2)      Tra i quattro punti fondamentali citati, il “Superiore interesse (art.3): in ogni legge, provvedimento, iniziativa pubblica o privata e in ogni situazione problematica, l’interesse del bambino/adolescente deve avere la priorità”.

Non voglio discutere su torti e ragioni. Sono una madre e le madri sanno che quando due fratelli cominciano a darsele l’importante è separarli, magari troncando con il classico “Non mi importa chi ha cominciato, piantatela immediatamente!”. Leggere e ascoltare distinguo quando esplodono case piene di famiglie e bambini mi fa rabbrividire. Sempre.
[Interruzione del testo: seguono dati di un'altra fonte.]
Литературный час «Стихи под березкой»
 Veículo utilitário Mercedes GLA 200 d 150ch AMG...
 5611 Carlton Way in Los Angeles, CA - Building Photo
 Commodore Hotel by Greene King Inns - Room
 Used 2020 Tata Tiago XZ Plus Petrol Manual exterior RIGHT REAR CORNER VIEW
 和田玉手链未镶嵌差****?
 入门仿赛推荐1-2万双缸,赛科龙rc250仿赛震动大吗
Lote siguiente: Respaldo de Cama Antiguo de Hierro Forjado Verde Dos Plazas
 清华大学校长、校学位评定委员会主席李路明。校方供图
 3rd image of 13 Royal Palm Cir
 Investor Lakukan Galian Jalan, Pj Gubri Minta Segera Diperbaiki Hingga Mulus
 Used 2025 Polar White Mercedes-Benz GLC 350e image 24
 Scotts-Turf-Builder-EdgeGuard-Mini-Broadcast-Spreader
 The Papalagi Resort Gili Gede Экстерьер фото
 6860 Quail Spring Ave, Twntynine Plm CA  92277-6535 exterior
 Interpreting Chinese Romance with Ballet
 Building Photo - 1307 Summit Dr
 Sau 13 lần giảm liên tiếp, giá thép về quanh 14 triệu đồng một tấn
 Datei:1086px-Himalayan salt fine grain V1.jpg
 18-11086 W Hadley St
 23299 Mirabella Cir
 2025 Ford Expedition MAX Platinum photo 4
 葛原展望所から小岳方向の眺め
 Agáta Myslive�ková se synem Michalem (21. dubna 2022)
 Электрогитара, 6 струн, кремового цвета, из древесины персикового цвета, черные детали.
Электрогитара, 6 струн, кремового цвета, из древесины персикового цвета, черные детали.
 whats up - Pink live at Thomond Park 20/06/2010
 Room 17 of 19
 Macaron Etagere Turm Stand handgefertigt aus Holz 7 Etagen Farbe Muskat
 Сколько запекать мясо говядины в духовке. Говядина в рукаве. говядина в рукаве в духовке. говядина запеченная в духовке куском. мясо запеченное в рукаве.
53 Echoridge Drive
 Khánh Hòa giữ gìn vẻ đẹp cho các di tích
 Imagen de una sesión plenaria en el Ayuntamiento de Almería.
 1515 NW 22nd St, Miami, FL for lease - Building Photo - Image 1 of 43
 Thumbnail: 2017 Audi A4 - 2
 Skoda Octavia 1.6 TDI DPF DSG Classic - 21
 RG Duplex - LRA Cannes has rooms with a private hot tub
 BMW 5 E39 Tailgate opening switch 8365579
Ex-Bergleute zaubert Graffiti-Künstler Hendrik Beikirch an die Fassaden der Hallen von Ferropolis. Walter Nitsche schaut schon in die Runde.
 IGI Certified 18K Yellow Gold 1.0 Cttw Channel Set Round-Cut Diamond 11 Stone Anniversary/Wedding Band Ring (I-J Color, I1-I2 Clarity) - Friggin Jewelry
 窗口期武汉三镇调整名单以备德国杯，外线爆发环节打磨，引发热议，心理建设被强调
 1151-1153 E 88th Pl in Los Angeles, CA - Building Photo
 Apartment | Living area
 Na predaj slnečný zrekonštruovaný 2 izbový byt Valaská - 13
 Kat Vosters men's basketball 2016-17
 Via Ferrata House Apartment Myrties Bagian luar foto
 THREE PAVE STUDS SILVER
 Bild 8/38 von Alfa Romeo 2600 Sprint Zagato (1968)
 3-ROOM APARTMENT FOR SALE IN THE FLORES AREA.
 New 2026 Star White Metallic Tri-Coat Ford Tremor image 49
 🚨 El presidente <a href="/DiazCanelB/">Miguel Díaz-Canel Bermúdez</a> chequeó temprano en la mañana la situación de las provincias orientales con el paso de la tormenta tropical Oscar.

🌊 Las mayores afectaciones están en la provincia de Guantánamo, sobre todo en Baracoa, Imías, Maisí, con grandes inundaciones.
Senza confini di terra, storia, religioni.

Unicef Italia ha già lanciato in questi giorni un appello contro quella che, a prescindere dal nome, dalla nazionalità e dal punto di vista, è comunque “una strage di bambini”. Ma il potere di fermarli è in mano al Consiglio di Sicurezza delle Nazioni Unite, riunito da pochi minuti nel grande Palazzo di Vetro a New York.

Se l’Onu fosse una buona madre, una madre autorevole, dovrebbe ricordarsi di quella carta firmata proprio domani, 23 anni fa. E non limitarsi solo a tiepide mediazioni. Superiore interesse è superiore interesse, superiore a qualsiasi torto o ragione. Fate il vostro dovere: fermateli immediatamente.